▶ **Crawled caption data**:
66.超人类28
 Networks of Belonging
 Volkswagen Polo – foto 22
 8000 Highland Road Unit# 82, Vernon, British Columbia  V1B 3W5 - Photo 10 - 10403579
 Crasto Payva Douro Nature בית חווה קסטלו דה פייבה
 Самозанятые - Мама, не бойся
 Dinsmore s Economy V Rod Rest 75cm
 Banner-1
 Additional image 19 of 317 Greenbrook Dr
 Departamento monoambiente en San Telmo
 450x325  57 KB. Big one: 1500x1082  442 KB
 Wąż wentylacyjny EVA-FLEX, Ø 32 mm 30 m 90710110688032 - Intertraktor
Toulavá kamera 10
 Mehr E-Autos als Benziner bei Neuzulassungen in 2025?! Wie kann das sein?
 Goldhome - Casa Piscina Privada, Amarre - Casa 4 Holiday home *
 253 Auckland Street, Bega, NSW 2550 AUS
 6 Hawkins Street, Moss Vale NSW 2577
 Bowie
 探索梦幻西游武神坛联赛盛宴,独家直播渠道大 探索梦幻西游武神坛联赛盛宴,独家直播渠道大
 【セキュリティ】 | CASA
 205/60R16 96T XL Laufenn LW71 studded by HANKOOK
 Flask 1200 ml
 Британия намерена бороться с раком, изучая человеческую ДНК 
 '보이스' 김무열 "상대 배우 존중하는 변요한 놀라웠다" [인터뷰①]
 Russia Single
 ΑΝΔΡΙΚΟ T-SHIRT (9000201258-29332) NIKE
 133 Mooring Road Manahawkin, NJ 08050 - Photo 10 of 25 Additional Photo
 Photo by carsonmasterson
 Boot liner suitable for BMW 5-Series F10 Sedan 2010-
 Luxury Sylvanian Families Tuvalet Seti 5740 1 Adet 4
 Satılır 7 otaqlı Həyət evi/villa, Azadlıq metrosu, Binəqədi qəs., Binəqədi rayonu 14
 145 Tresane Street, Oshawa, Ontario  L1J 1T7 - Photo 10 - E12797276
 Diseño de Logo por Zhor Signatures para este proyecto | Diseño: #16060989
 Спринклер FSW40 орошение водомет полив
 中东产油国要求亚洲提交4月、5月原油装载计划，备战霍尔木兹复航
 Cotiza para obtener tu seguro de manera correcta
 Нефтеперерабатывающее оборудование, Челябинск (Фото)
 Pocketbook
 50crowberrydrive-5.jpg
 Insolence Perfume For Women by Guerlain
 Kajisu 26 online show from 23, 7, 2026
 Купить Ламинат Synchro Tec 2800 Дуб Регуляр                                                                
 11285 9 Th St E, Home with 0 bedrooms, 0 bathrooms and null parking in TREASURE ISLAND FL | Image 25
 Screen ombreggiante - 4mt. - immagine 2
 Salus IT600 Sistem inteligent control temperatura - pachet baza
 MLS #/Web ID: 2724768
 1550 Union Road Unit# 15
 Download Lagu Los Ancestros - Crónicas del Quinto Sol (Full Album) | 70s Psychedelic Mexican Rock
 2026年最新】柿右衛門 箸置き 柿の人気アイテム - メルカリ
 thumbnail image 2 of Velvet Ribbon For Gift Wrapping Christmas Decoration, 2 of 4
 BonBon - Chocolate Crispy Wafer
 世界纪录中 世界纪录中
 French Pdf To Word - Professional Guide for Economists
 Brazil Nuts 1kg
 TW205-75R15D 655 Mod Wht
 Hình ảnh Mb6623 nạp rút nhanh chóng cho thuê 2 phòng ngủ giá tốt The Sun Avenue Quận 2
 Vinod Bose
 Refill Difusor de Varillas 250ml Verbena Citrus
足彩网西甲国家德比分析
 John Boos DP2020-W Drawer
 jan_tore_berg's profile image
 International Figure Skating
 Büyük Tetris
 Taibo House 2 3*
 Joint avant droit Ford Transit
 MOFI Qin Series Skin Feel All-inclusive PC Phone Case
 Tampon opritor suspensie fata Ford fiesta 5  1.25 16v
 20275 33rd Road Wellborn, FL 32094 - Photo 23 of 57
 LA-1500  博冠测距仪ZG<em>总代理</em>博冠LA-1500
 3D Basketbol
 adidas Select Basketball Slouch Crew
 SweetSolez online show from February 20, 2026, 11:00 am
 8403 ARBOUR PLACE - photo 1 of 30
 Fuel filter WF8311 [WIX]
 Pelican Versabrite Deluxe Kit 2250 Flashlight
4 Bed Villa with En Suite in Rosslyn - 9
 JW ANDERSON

▶ **Activity**: Exactly as they appear above, copy out all the records.

▶ **Exercise response**:
66.超人类28
 Networks of Belonging
 Volkswagen Polo – foto 22
 8000 Highland Road Unit# 82, Vernon, British Columbia  V1B 3W5 - Photo 10 - 10403579
 Crasto Payva Douro Nature בית חווה קסטלו דה פייבה
 Самозанятые - Мама, не бойся
 Dinsmore s Economy V Rod Rest 75cm
 Banner-1
 Additional image 19 of 317 Greenbrook Dr
 Departamento monoambiente en San Telmo
 450x325  57 KB. Big one: 1500x1082  442 KB
 Wąż wentylacyjny EVA-FLEX, Ø 32 mm 30 m 90710110688032 - Intertraktor
Toulavá kamera 10
 Mehr E-Autos als Benziner bei Neuzulassungen in 2025?! Wie kann das sein?
 Goldhome - Casa Piscina Privada, Amarre - Casa 4 Holiday home *
 253 Auckland Street, Bega, NSW 2550 AUS
 6 Hawkins Street, Moss Vale NSW 2577
 Bowie
 探索梦幻西游武神坛联赛盛宴,独家直播渠道大 探索梦幻西游武神坛联赛盛宴,独家直播渠道大
 【セキュリティ】 | CASA
 205/60R16 96T XL Laufenn LW71 studded by HANKOOK
 Flask 1200 ml
 Британия намерена бороться с раком, изучая человеческую ДНК 
 '보이스' 김무열 "상대 배우 존중하는 변요한 놀라웠다" [인터뷰①]
 Russia Single
 ΑΝΔΡΙΚΟ T-SHIRT (9000201258-29332) NIKE
 133 Mooring Road Manahawkin, NJ 08050 - Photo 10 of 25 Additional Photo
 Photo by carsonmasterson
 Boot liner suitable for BMW 5-Series F10 Sedan 2010-
 Luxury Sylvanian Families Tuvalet Seti 5740 1 Adet 4
 Satılır 7 otaqlı Həyət evi/villa, Azadlıq metrosu, Binəqədi qəs., Binəqədi rayonu 14
 145 Tresane Street, Oshawa, Ontario  L1J 1T7 - Photo 10 - E12797276
 Diseño de Logo por Zhor Signatures para este proyecto | Diseño: #16060989
 Спринклер FSW40 орошение водомет полив
 中东产油国要求亚洲提交4月、5月原油装载计划，备战霍尔木兹复航
 Cotiza para obtener tu seguro de manera correcta
 Нефтеперерабатывающее оборудование, Челябинск (Фото)
 Pocketbook
 50crowberrydrive-5.jpg
 Insolence Perfume For Women by Guerlain
 Kajisu 26 online show from 23, 7, 2026
 Купить Ламинат Synchro Tec 2800 Дуб Регуляр                                                                
 11285 9 Th St E, Home with 0 bedrooms, 0 bathrooms and null parking in TREASURE ISLAND FL | Image 25
 Screen ombreggiante - 4mt. - immagine 2
 Salus IT600 Sistem inteligent control temperatura - pachet baza
 MLS #/Web ID: 2724768
 1550 Union Road Unit# 15
 Download Lagu Los Ancestros - Crónicas del Quinto Sol (Full Album) | 70s Psychedelic Mexican Rock
 2026年最新】柿右衛門 箸置き 柿の人気アイテム - メルカリ
 thumbnail image 2 of Velvet Ribbon For Gift Wrapping Christmas Decoration, 2 of 4
 BonBon - Chocolate Crispy Wafer
 世界纪录中 世界纪录中
 French Pdf To Word - Professional Guide for Economists
 Brazil Nuts 1kg
 TW205-75R15D 655 Mod Wht
 Hình ảnh Mb6623 nạp rút nhanh chóng cho thuê 2 phòng ngủ giá tốt The Sun Avenue Quận 2
 Vinod Bose
 Refill Difusor de Varillas 250ml Verbena Citrus
足彩网西甲国家德比分析
 John Boos DP2020-W Drawer
 jan_tore_berg's profile image
 International Figure Skating
 Büyük Tetris
 Taibo House 2 3*
 Joint avant droit Ford Transit
 MOFI Qin Series Skin Feel All-inclusive PC Phone Case
 Tampon opritor suspensie fata Ford fiesta 5  1.25 16v
 20275 33rd Road Wellborn, FL 32094 - Photo 23 of 57
 LA-1500  博冠测距仪ZG<em>总代理</em>博冠LA-1500
 3D Basketbol
 adidas Select Basketball Slouch Crew
 SweetSolez online show from February 20, 2026, 11:00 am
 8403 ARBOUR PLACE - photo 1 of 30
 Fuel filter WF8311 [WIX]
 Pelican Versabrite Deluxe Kit 2250 Flashlight
4 Bed Villa with En Suite in Rosslyn - 9
 JW ANDERSON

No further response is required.